The second part ${\mathit{u}}_2$ is the artificial gravity term, which has similar expressions to geocentric gravity. The center point of artificial gravity q is a fixed point relative to the LVLH coordinate system, and lies in the plane $\Pi$. It is defined $\delta \mathit{r}$ as the relative position from the point q to the target, and expression $\mathit{r}=\underset{¯}{\mathit{r}}+\delta \mathit{r}$ holds. Then, expressions $\dot{\mathit{r}}=\underset{¯}{\dot{\mathit{r}}}=\mathit{v}$ and $\ddot{\mathit{r}}=\underset{¯}{\ddot{\mathit{r}}}$ can be derived in the LVLH coordinate system.
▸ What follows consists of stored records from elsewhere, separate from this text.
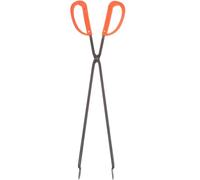 MAJORMENCH Pince à Usage Extérieur pour Ramassage des Ordures Manche Long, Tête Plate, en Plastique et Métal, Outil Pratique et Robuste pour Nettoyage et Collecte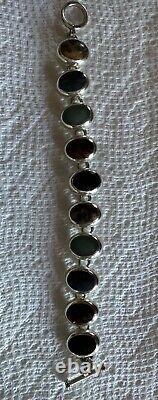 RARE Vintage Silpada Sterling Silver and Natural Multi-Stone Bracelet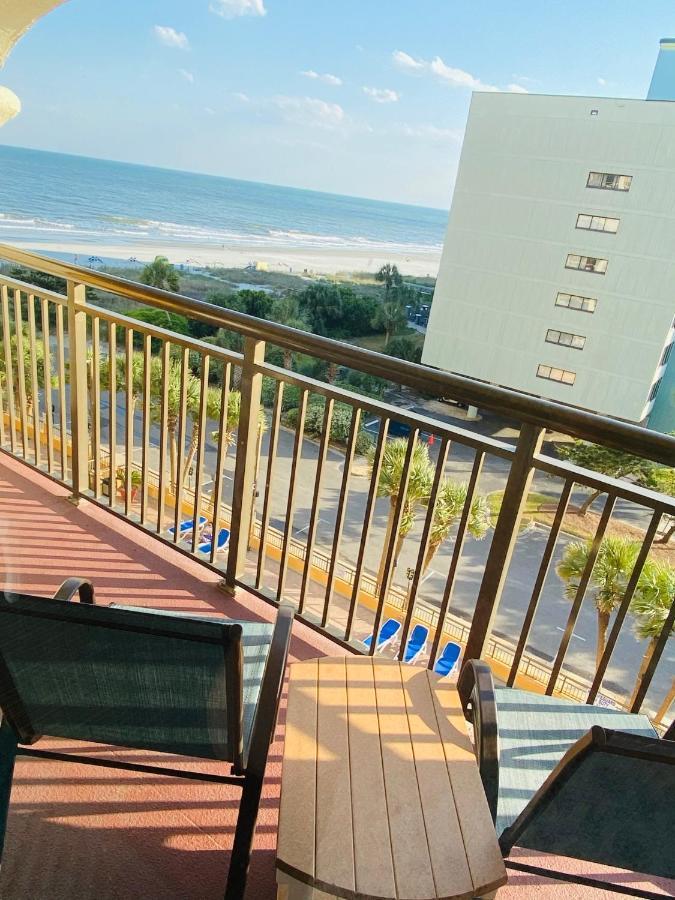 Azure Bliss Oceanfront Condo Sleeps 6 マートルビーチ エクステリア 写真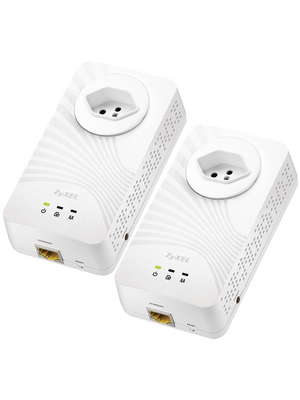 Zyxel - PLA5215 STARTER KIT - Powerline kit: 2x PLA5215 1 x 10/100/1000 600 Mbps, PLA5215 STARTER KIT, Zyxel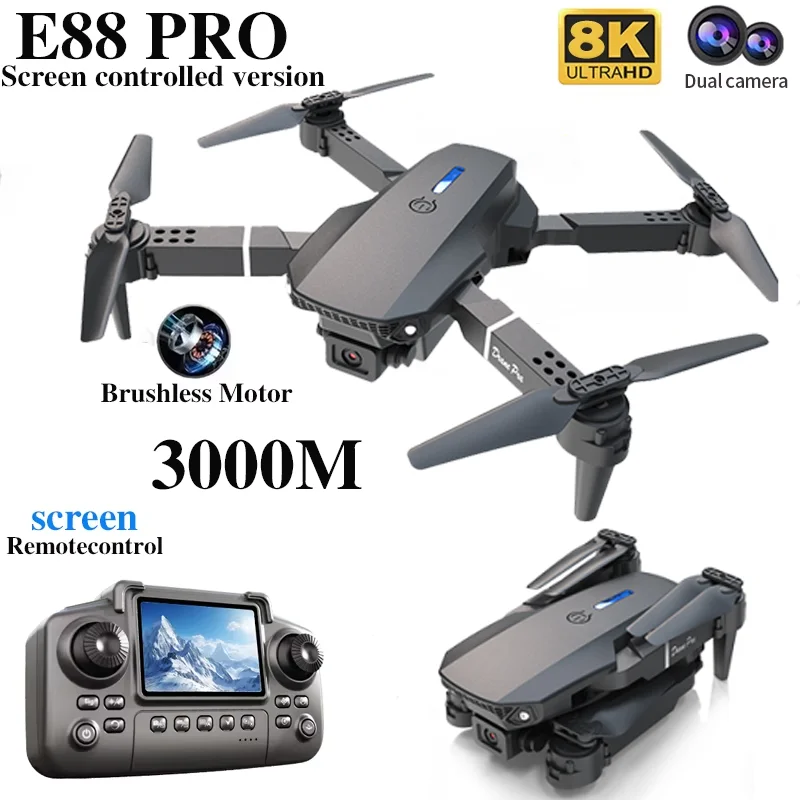 Professionele E88 PRO Drone me - Drone Rc Explorer recensie en prijs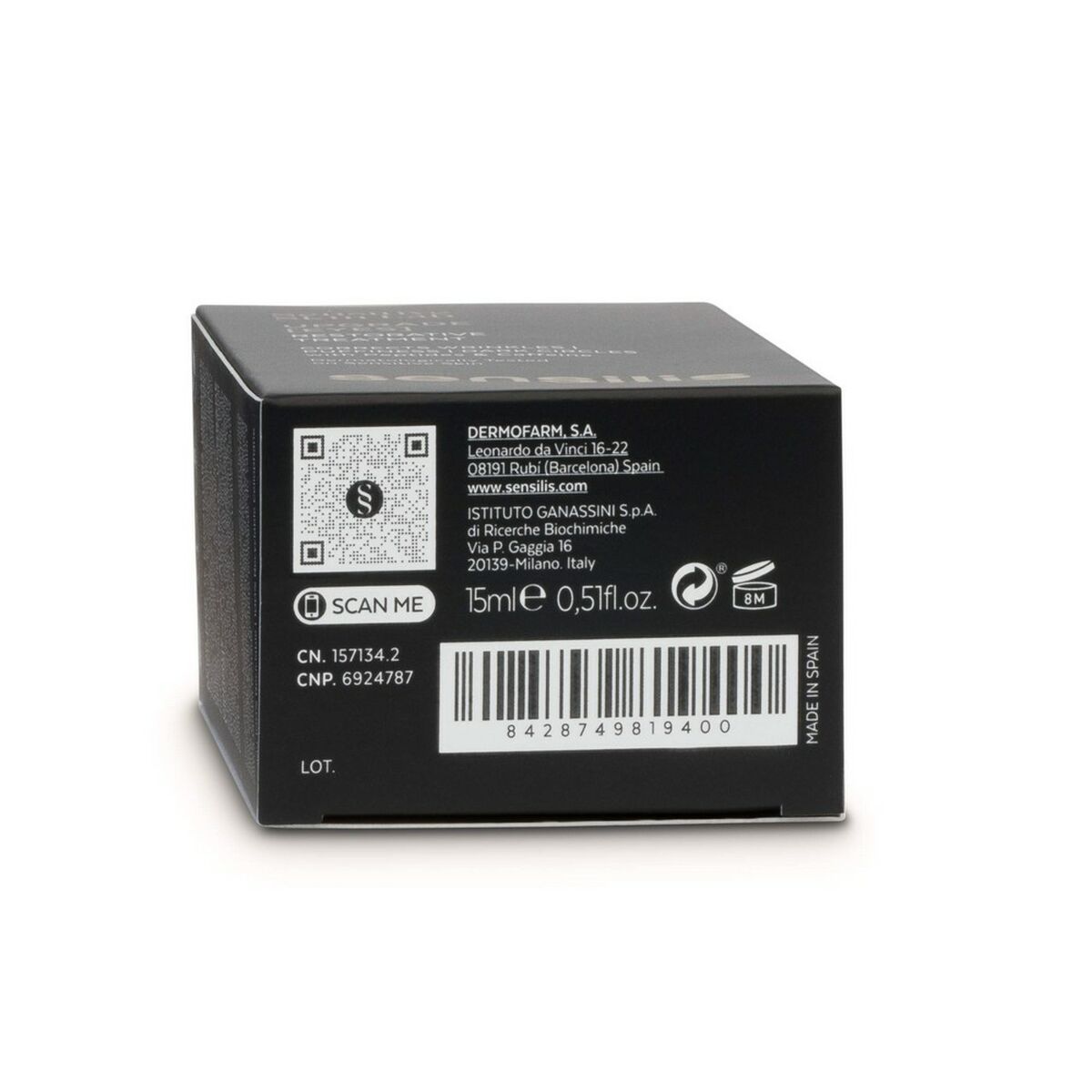 Silmapiirkonna kreem Sensilis Upgrade 15 ml Pinguldav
The artificial gravity ${\mathit{u}}_2$ can be represented as follows:

$${\mathit{u}}_2=-{\displaystyle \frac{{\mu }_s}{{\underset{¯}{r}}^3}}\underset{¯}{\mathit{r}}$$

(4)

where ${\mu }_s$ is the artificial gravitational coefficient.

The artificial gravity ${\mathit{u}}_2$ and relationship among the above vectors are illustrated in Figure 2.

Where angle $\theta$ is the angle from the x_r-axis to the vector $\underset{¯}{\mathit{r}}$.

By defining the control input $\mathit{u}$ as $\mathit{u}={\mathit{u}}_1+{\mathit{u}}_2$ and combining with Equations (3) and (4), the control input can be represented as follows:

$$\mathit{u}=-{\displaystyle \frac{\mu }{R_t^3}}r[-{\mathit{e}}_{\mathit{r}}+3{\mathit{e}}_{{\mathit{R}}_t}({\mathit{e}}_{{\mathit{R}}_t}\cdot {\mathit{e}}_{\mathit{r}})]+2\mathit{\omega }\times \dot{\mathit{r}}+\mathit{\omega }\times (\mathit{\omega }\times \mathit{r})+\dot{\mathit{\omega }}\times \mathit{r}-{\displaystyle \frac{{\mu }_s}{{\underset{\_}{r}}^3}}\underset{¯}{\mathit{r}}$$

(5)

According to Equation (2), the dynamic equation to obtain the desired nominal trajectory is as follows:

$$\underset{¯}{\ddot{\mathit{r}}}+{\displaystyle \frac{{\mu }_s}{{\underset{\_}{r}}^3}}\underset{¯}{\mathit{r}}=0$$

(6)

According to Equation (6), the fly-around trajectory is a conic curve with point q as the focus, and lies in the plane $\Pi$ determined by the relative position $\mathit{r}$ and relative velocity $\mathit{v}$. The type and shape of the fly-around trajectory are not only affected by the relative position and relative velocity at the initial time of the control action, but also by the parameters to be designed, such as the artificial gravitational coefficient ${\mu }_s$ and the vector of artificial gravity center $\delta \mathit{r}$ or $\underset{¯}{\mathit{r}}$.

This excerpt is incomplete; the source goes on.